1. Field of the Invention
The present invention relates in general to a display apparatus, and more particularly, to a display apparatus having a driving circuit for a high voltage flyback transformer (FBT) incorporating a deflecting function and which is capable of obtaining a high resolution display.
2. Description of the Related Art
As shown in FIG. 5, a high voltage FBT driving circuit incorporating a deflecting function includes a high voltage detector 22 to detect an output voltage of an FBT 21, a high voltage compensator 23 to output a high voltage compensating signal based on the voltage detected by the high voltage detector 22, a DC voltage controller 25 (hereinafter referred to as a “B+ controller”) to adjust a DC voltage according to the high voltage compensating signal and to supply the adjusted DC voltage to a primary coil T1 of the transformer 21. A horizontal deflector 29 generates a horizontal deflecting pulse using the B+ voltage output from the B+ controller 25, and a diode modulator 31 adjusts a horizontal size of a screen.
To operate the high voltage FBT driving circuit incorporating a deflecting function, a commercial AC voltage is converted into a DC voltage through a DC converter (not shown), stabilized into the B+ voltage through the B+ controller 25 according to the high voltage compensating signal, and then supplied to the primary coil T1 of the FBT 21. At this time, a secondary coil of the FBT 21 outputs a high voltage to an anode of a picture tube (not shown).
Herein, in order to keep the screen of the picture tube at a fixed size regardless of a horizontal synchronous frequency, the high voltage should be constant. The constant high voltage is due to the screen size of the picture tube decreasing as the high voltage increases. Thus, the B+ controller 25 supplies the B+ voltage based on the horizontal synchronous signal to the FBT 21 so as to keep the high voltage constant.
Referring to the deflection pulses of FIGS. 4A and 4B, the change of the B+ voltage according to the horizontal synchronous frequency (resolution) will be described herein below. The B+ controller 25 controls the B+ voltage according to the high voltage compensating signal applied from a primary coil T3 to the high voltage compensator 23 so as to keep the deflection pulse applied from the primary coil T1 to the horizontal deflector 29 at a fixed amount. That is, even though the horizontal synchronous signal changes according to the resolution, as long as the size of the deflection pulse applied from the primary coil T1 to the horizontal deflector 29 is constant, the high voltage is constant. This is accomplished by allowing the B+ controller 25 to control the B+ voltage level in order to make areas “A” and “B” be equal each other.
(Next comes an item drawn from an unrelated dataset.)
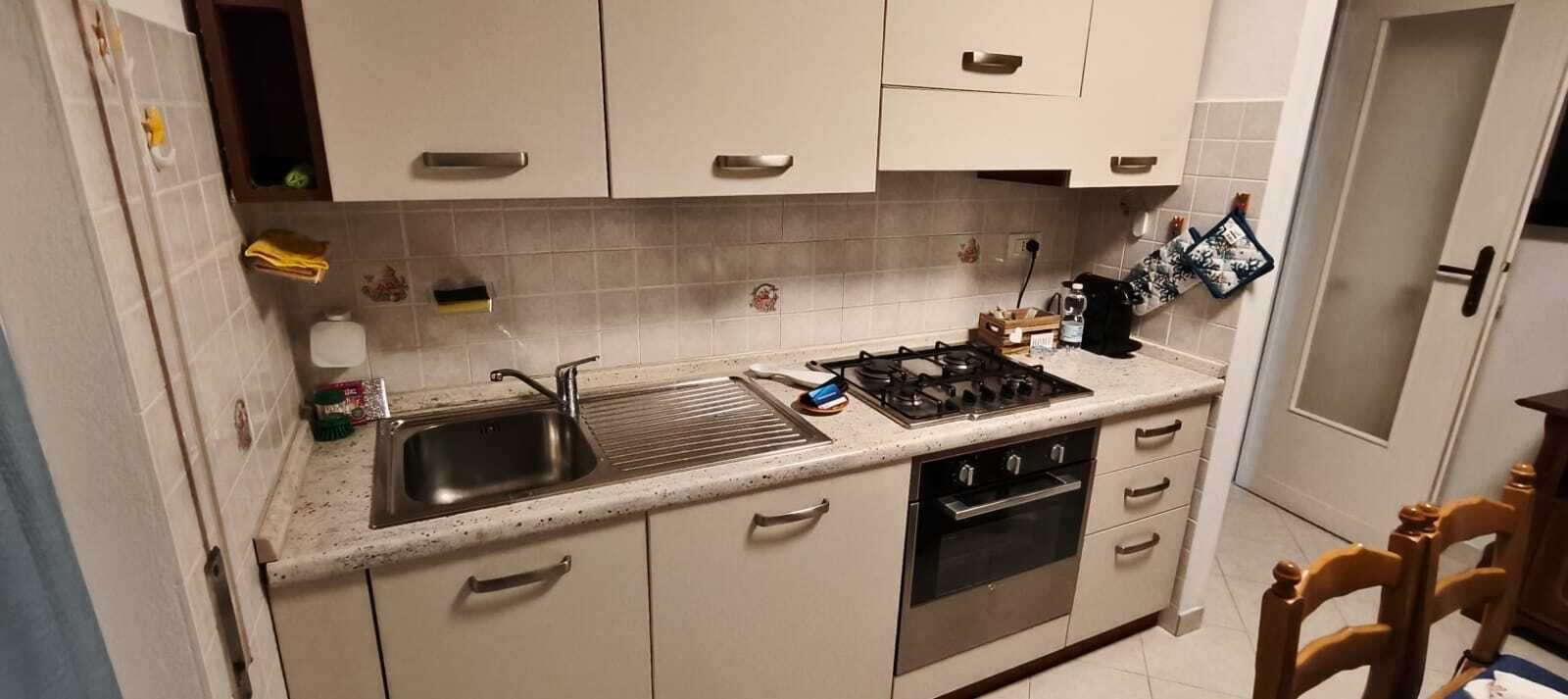 A compact kitchen with a gas stove, oven, and a sink.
On the other hand, a flyback time of the deflection pulse generated from the horizontal deflector 29 is determined by a resonance cycle of a horizontal-deflection yoke H-DY and a resonance capacitor Cr. Herein, the flyback time is constant regardless of the horizontal synchronous frequency (resolution), and a video signal is output from a video card (not shown) at 80 percent of total horizontal cycles so that a raster margin at a high resolution is smaller than at a low resolution.
In the conventional high voltage FBT driving circuit incorporating the deflecting function, the highest resolution is obtained at a mode in which the driving circuit is determined such that the lowest B+ voltage is output at the lowest resolution and the minimum raster margin is secured. At this time, the highest resolution performed by this circuit has a horizontal frequency of 70 kHz.
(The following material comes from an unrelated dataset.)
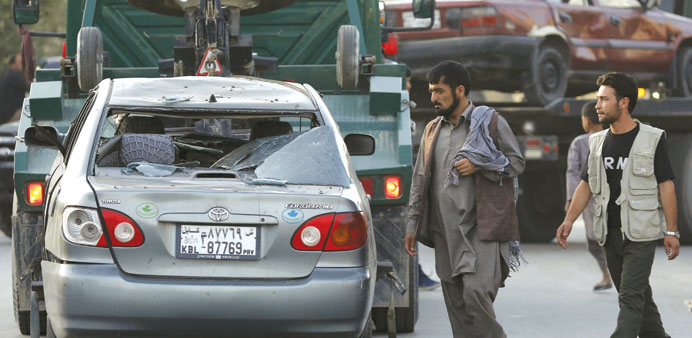 Damaged cars are moved away from the site of a car bomb blast in Kabul on Saturday.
To make the above horizontal frequency higher by using the conventional driving circuit, the raster margin of the high resolution must be enlarged. Further, to enlarge the raster margin at the high resolution, a resonance capacitor switching circuit may be added thereto to decrease the capacitance of the resonance capacitor Cr.
However, if the capacitance of the resonance capacitor Cr is decreased in order to secure the raster margin of the high resolution, the flyback time is shortened so that the B+ voltage adjusted by the B+ controller 25 is dropped below a limit level when the high resolution changes to the low resolution. Further, the capacitor switching circuit is expensive and unstable. Further, the highest resolution of the driving circuit using the capacitor switching circuit is not very high.